I am not a writer – and certainly not a “journalist.”
At best, a dilettante opinionist, at worst, a blowhard with internet access. . .
I regularly receive requests from loyal members of the Barker’s View tribe asking that I “investigate” a governmental excess or inefficiency – or “look into” some political intrigue or right a civic wrong that media outlets have turned up their noses at – and, on occasion, these requests pique my interest and I’ll make a call, do a public records request, or ask around to satisfy my own curiosity.
And sometimes those who contact me go away pissed because I do not share their moral outrage over an outsized water bill – or the fact their trash was not collected on time – or demand answers as to why Volusia County won’t maintain their driveway, etc., etc.
Sadly, regardless of the issue at hand, in nearly every case the person who calls me demands anonymity – a request I always honor – because they fear retribution from their own local government if it were known they were seeking answers, even to relatively benign questions.
Most of the time I refer the concerned reader to their elected representative (a name they rarely know), a resource that had not crossed their minds, because so many politicians stop acknowledging the concerns of their constituents about 12-minutes after they win an election. . .
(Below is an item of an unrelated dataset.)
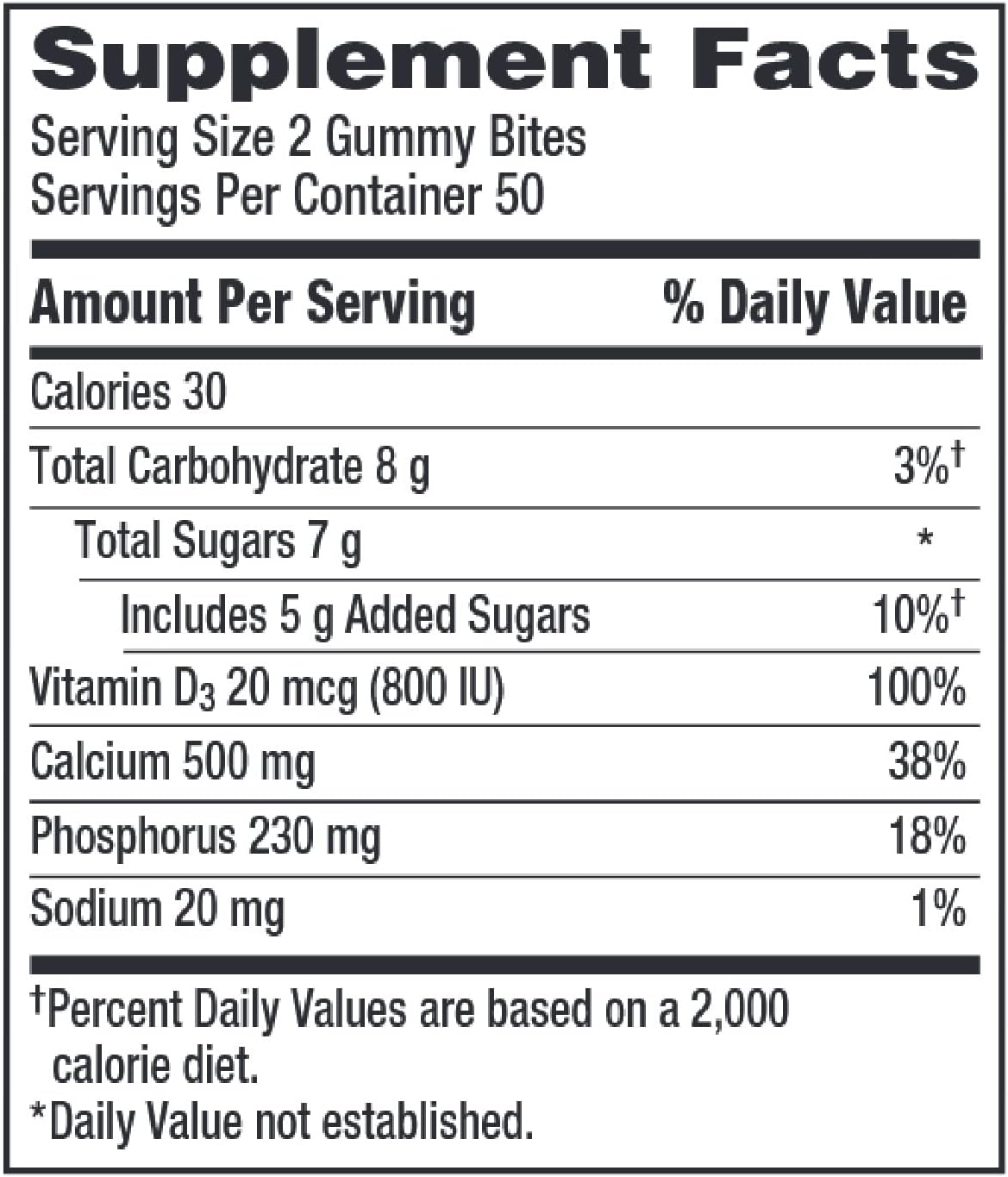 Caltrate Gummy Bites Calcium and Vitamin D Supplement 100 Count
Many times, those who reach out to me are just like-minded souls who want someone to listen to their concerns or kibbitz about the issues of the day.
I know how that feels – and nobody likes hearing the rumors and gossip more than I do.
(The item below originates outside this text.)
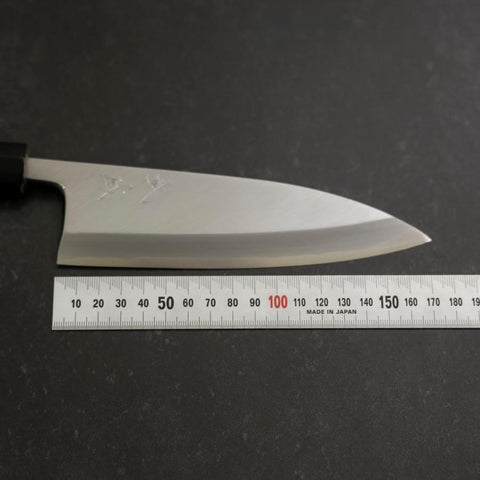 Aideba White Steel #2 Kasumi Buffalo Magnolia Handle 165mm (6.5”)-[Musashi]-[Japanese-Kitchen-Knives]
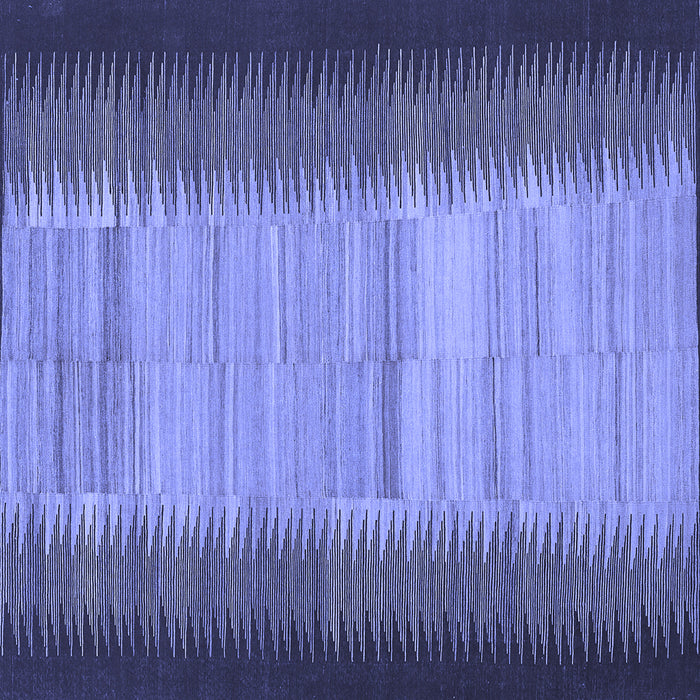 Square Abstract Blue Contemporary Rug, con713blu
But the fact remains, I don’t ‘report the news’ in this space – I wouldn’t know how – yet I am all too quick to tell those who do how the job of covering the news should be accomplished (playing the hyper-critical know-it-all is kind of my schtick. . .)
I’m not saying that local media outlets aren’t their own worst enemies at times – because they are – but when I read a news story regarding community issues without official comment, or listen to a television reporter stand before the camera and say with a frustrated sigh, “..and (insert highly paid government officials name here) didn’t return phone calls on Monday or Tuesday seeking comment,” or “We don’t comment on litigation, personnel issues, anything of substance, etc., etc.” – normally followed by a canned written statement from something called a “Public Information Officer” – I get the feeling that true transparency and outreach in government is a thing of the past.
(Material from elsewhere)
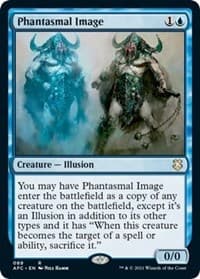 Phantasmal Image - Commander: Adventures in the Forgotten Realms - Magic: The Gathering card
And it becomes apparent that the chasm between our government bureaucracies and the working press has never been wider.
When I was playing government – I worked for a small municipality that didn’t have a public information staff to spin a response to media requests. As a result, I learned the importance of openness and honesty when providing a release, always done with daily personal contact with the reporter – making sure their needs were met and developing trust over time.
As a result, I became friends with many long-time reporters – some of whom remain close to this day.
While those personal and professional relationships did not insulate me from the occasional trip to the woodshed – they allowed me to push critical information to the public, explain situations without fear of having the information released prematurely, and involve the press as a trusted and valued member of the team during emergencies.
With that citizens got to know their public servants by name – and knew who to call when they needed help.
(Two-years after I retired, I was still receiving calls on my cell phone from former constituents who didn’t realize (or care) that I was no longer their police chief – they just wanted me to sort out a problem they were having. . .I miss that.)
Perhaps that accessibility is why a hack like me gets so many requests from citizens searching desperately for help navigating the rat maze that passes for our ‘Halls of Power’ during their search for that illusive kernel of truth?
In the information vacuum that has been created by the increasingly insular nature of our elected and appointed officials, many taxpayers take to social media for answers – seeking validation of their suspicions – speculating on the who, what, why, when, and how of public policies and positions that effect our lives and livelihoods – effectively becoming ‘citizen journalists’ seeking clarity in the murky world of local politics and passing that knowledge on to their neighbors.
It also gets confusing when elected officials wade into the often-contentious waters of social media to argue with their frustrated constituents or harangue them for taking a position contrary to the carefully crafted official narrative, odd behavior from those holding positions of trust that breeds more questions and solidifies the notion that citizen input in the process is unwelcome and almost universally ignored by decisionmakers.
I’m not sure consolidating, hoarding, and controlling the release of information as a means of maintaining power and control over the governed is how things are supposed to work in a representative democracy.
So, if you have questions about pressing civic issues – or just need help with a government service – I encourage you to reach out to your elected representative at the city or county level and share your concerns with them – and ask for their help.
Demand answers and make your needs and opinions known.
Better yet, attend a public meeting and address your elected officials during what passes for public participation – it is every citizen’s right and civic responsibility to seek information and contribute to the greater discussion – even if those on the dais of power sit there staring into space like gargoyles – I guarantee others in the community who share your concerns will be grateful for your involvement.
Then, if you fail to get a prompt and respectful response from the official who was elected to represent your interests, you know who to cast your sacred vote for in the next election.
That is where the ultimate power lies.